How do I use Numba to run Trading Back Testing?

I programmed a trading algorithm to get me 50 Lambos. I also have acquired years of market data for back testing the algorithm. The algorithm has a few basic parameters that I modify and then back test and get some basic statistics on how the algorithm performed historically. This allows me to fine tune the parameters for max Lambos. :smiley:

The problem is testing all these combos in my single threaded python app takes FOREVER. I want to get my video card to do it in parallel to speed things up significantly.

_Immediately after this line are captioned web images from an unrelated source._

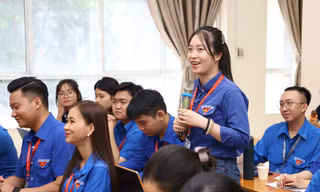 Cùng người trẻ tìm cách 'làm chủ cuộc chơi', vươn mình hội nhập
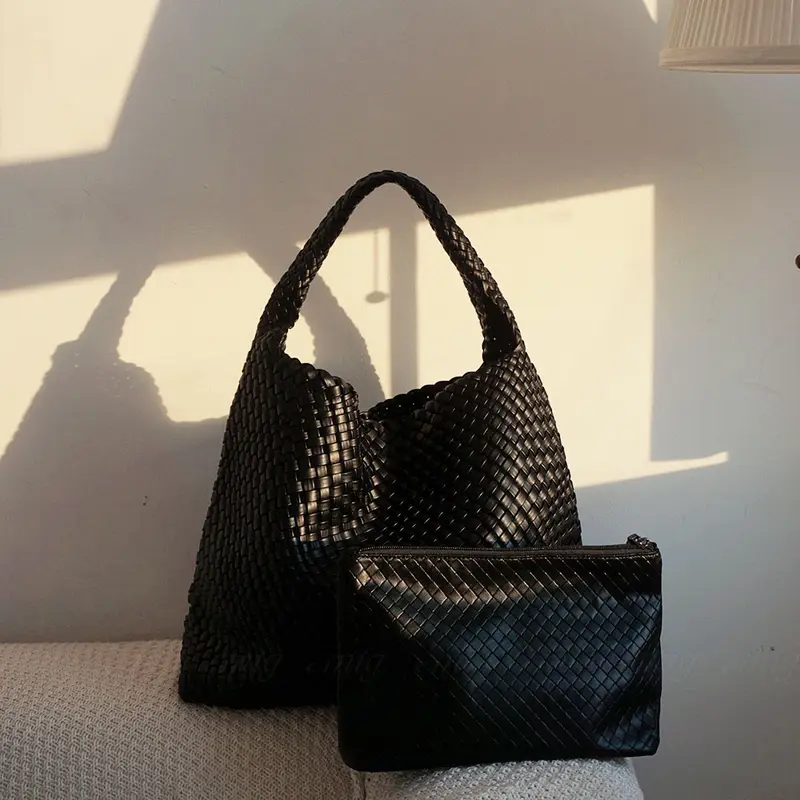 [THE ANIG] Túi đeo vai nữ dệt thủ công DY Nami màu đen 35 x 14 x 33cm 7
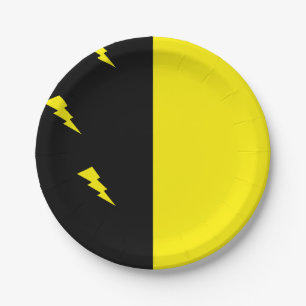 Lightning bolts pattern paper plates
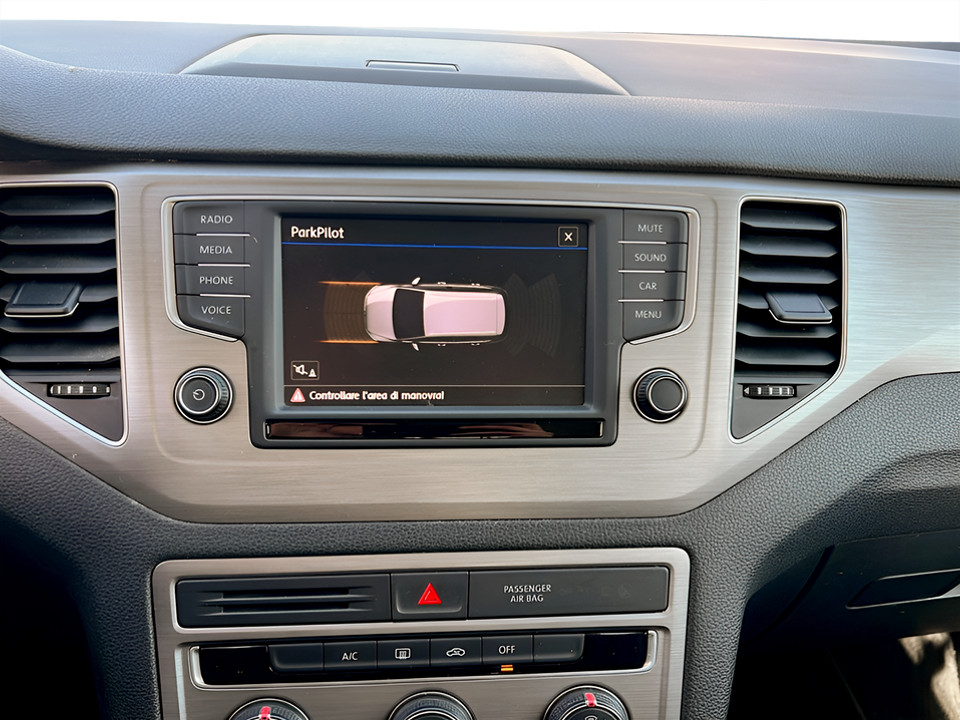 VOLKSWAGEN Golf VII 2013 Sportsvan Golf Sportsvan 1.6 tdi Comfortline 115cv usato - 8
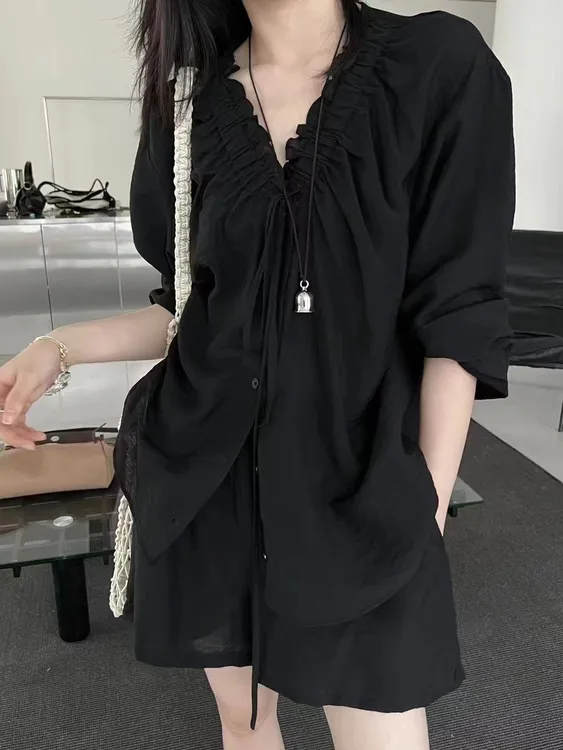 白月光对丝套装长袖上衣女夏v领木耳边绑带衬衫短裤子两件套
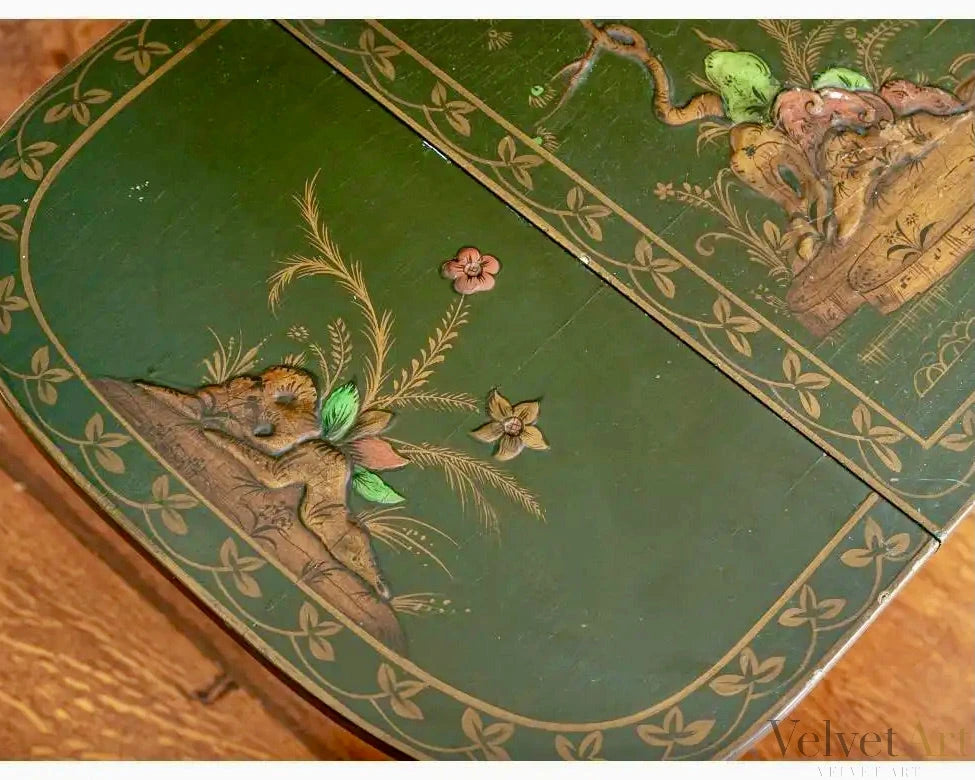Mesa Abatible Estilo Chinoiserie Pintada a Mano, años 1920–1930
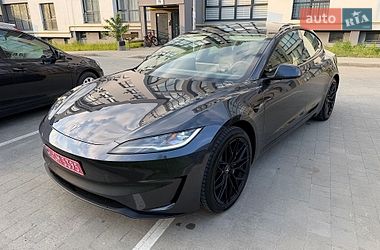Седан Tesla Model 3 2024 в Львові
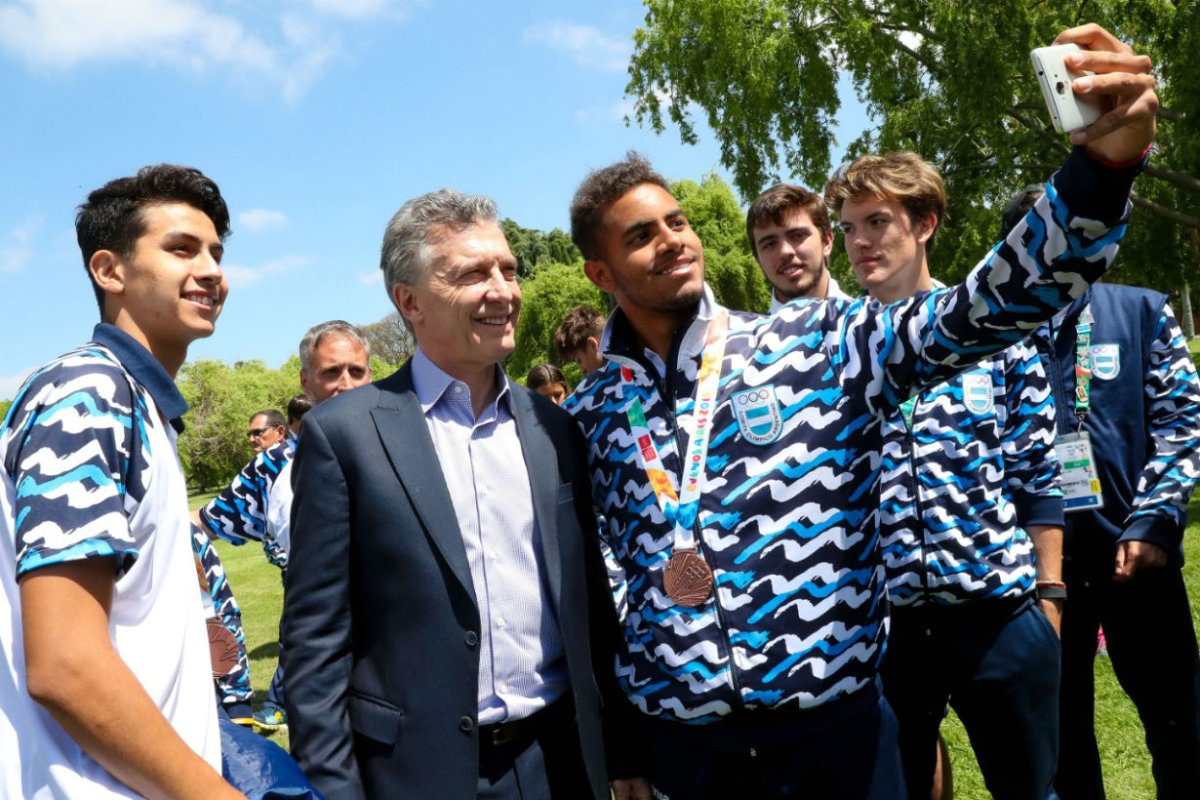 Francisco Daudinot saca una selfie con Macri
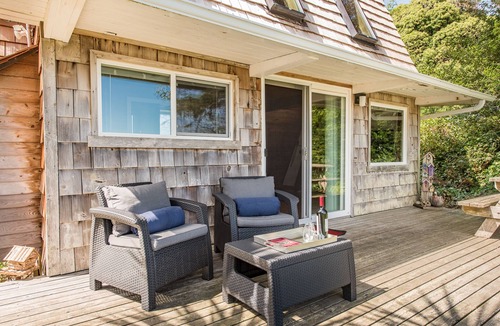 Sekiu Cottage | OceanFront Cottage, Beachwander for miles &/or explore the Olympic National Park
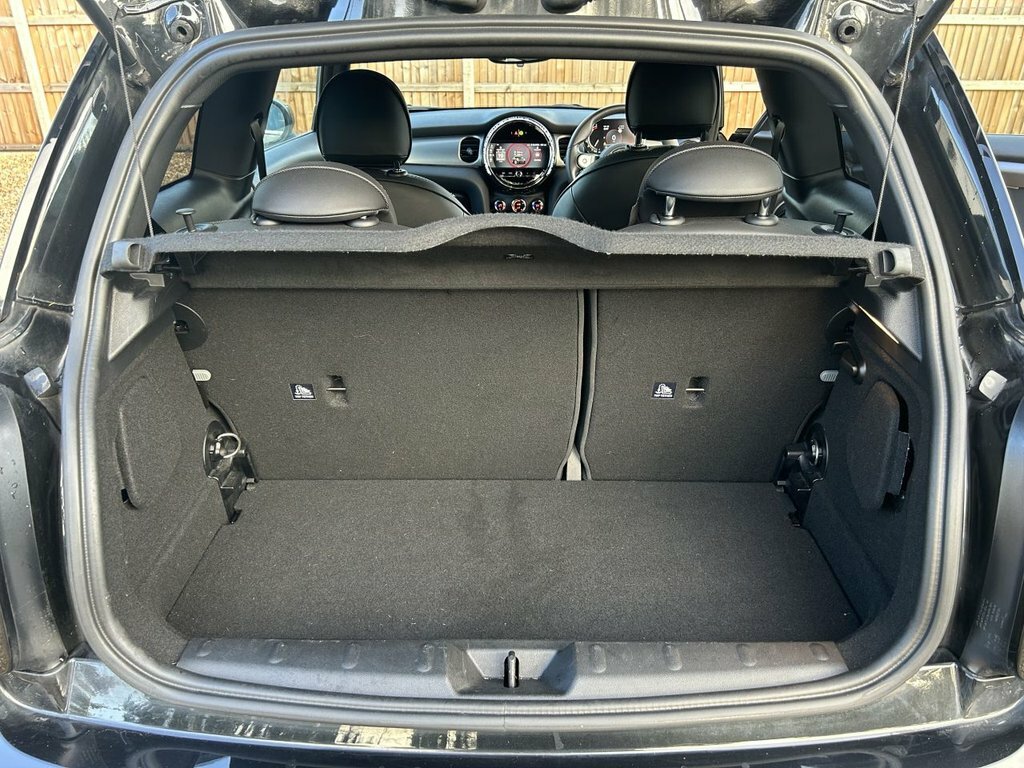 Mini Hatch 1.5L Cooper Exclusive SG72XEK Black #6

So, I’ve got the static read-only historical market data broken down into 4x 1-D float arrays (open, low, high, close). There is also a single 1-D int32 array with a unix timestamp. The indicies of these 5 arrays correspond to the same historical data point. To me, this should be in a shared memory.

Then I have the parameters, A start and end time to check in the above arrays, as well as a few other float values that I need to make decisions while traversing the market data (4x arrays above) between the start and end times.

As output, I have several statistics as floats (could be put into a float array if needed) that are captured to help shed light on how a particular parameter combination performed. The number of these statistics is fixed for any iteration and has no relation to the size of any input array.

I took a look @ guvectorize, but it seems like the output array needs to be related to one of the input variable sizes. I also tried iterating through the historical data arrays, but it didn’t seem to like not starting at the beginning.

Am I looking in the right place? @guvectorize? If not, how can I get my back tester running on a GPU core?

I am new to all this (but am an experienced developer) so I would appreciate any pointers anyone has.

@guvectorize might just be too restrictive for your usecase; esp, if you want to look into GPU shared memory to optimize things. I would suggest writing in @cuda.jit for all the freedom.

I’d also suggest using cupy and cudf for high-level API for GPU array and GPU dataframe, respectively. You can write CUDA kernels in Numba that work with data stored in these libraries.

1 Like

thanks @sklam ! This is perfect. I had a feeling that guvectorize wasn’t where I needed to be. I’ll check out your suggestions! Thanks again!

I’m writing a bit late, but I wanted to share my experience.

The main computation loop is implemented using Numba, which, compared to plain Python, offers a speed improvement of 100-1000 times. Here’s a snippet of what the code looks like:

@nb.njit((int64)(nb_record_type[:], unicode_type, float64, float64, NPDatetime('ns')))
def RunTrack(...):
    for i in range(N):
        ...
        with objmode():
            ...

The key data structure in use, nb_record_type[:] , is a shared array (gigabytes) consisting of structures such as:

record_type = np.dtype([("var1", np.float64), ("wo_spy", np.float64), ...,
("b_tRngRto", np.float32),("e_tRngRto", np.float32),
("b_tRngRto100", np.float32),("e_tRngRto100", np.float32),
("oneetf_coded", np.uint64),("dt",'datetime64[ns]')
], align = True)

All this runs on a cluster managed by ray (framework), and inside each 32-processor node nb_record_type[:] is used by all processes without memory copying.

If not for Numba (i.e., if I had to stick to Python), I would have had to rent not 100 nodes, but 10,000 nodes, which would be financially untenable.

A small trick, modern Numba allows using with objmode() to run Python procedures in which I conveniently load (pandas,json,databases,numpy,fs) additional data for computation (in chunks) as I progress through the loop.